The Prayer Handbook points out that today is kept, in the Catholic Church particularly, as the Assumption of The Blessed Virgin Mary. It is the day when the mother of Jesus ‘fell asleep’ and of her bodily assumption into heaven. That language is outside my comfort zone and for years would have deterred me from thinking about the impact of Mary on us all.
Many of us struggle with words and in matters of expressing faith, hymnwriters set out for everyone what we want to express but cannot formulate into words. A notable exception was The Reverend Alan Gaunt, a United Reformed Church Minister who died last year. His contribution to hymnody was significant; if you sing hymns, you are likely to have sung his words ‘Lord Christ we praise your sacrifice’ which is in at least ten hymn books.
Another of Alan Gaunt’s texts is suggested for use today by the Methodist Church. Number 120 in Singing the Faith, ‘We gladly celebrate and praise, the gift so great and good’ is set to Charles Hutcheson’s tune, Stracathro. In the hymn we are led to reflect on motherhood as the gift by which God’s kindness is made known. The hymn is supportive for all for whom motherhood has been painful and those who have not known maternal tenderness.
At the end, the hymn picks up again what Mary gave us through the privilege of bearing ‘God’s Son to birth.’

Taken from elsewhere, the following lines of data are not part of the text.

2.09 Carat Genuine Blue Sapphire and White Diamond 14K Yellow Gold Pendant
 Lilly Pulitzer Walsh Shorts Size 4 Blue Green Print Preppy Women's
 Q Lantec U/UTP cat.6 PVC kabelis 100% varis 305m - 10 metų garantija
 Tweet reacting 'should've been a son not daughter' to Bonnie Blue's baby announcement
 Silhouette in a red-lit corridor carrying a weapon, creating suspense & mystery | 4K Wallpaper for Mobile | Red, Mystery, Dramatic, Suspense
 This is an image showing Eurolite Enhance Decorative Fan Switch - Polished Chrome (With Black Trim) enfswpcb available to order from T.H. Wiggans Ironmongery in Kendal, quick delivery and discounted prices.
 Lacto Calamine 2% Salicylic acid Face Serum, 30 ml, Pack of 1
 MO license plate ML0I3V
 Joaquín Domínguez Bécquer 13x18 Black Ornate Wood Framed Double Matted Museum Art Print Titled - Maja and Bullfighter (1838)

‘We trust the mother-love of God,
Who bears, in Mary’s boy,
Our pain and sorrow, to secure
Our everlasting joy.’
Simple profound and moving; I wish I could have written those words.
A Prayer
God of Mary and Jesus, God of us all, when words fail us, we thank you for those who enable us to express what we feel but cannot verbalise. From the earliest poets to those whose skills are manifest now, we praise you for those who write hymns and songs and who set words to music that we may sing your praises in refreshing and meaningful ways, as befits your glory, for Jesus Christ’s sake. Amen.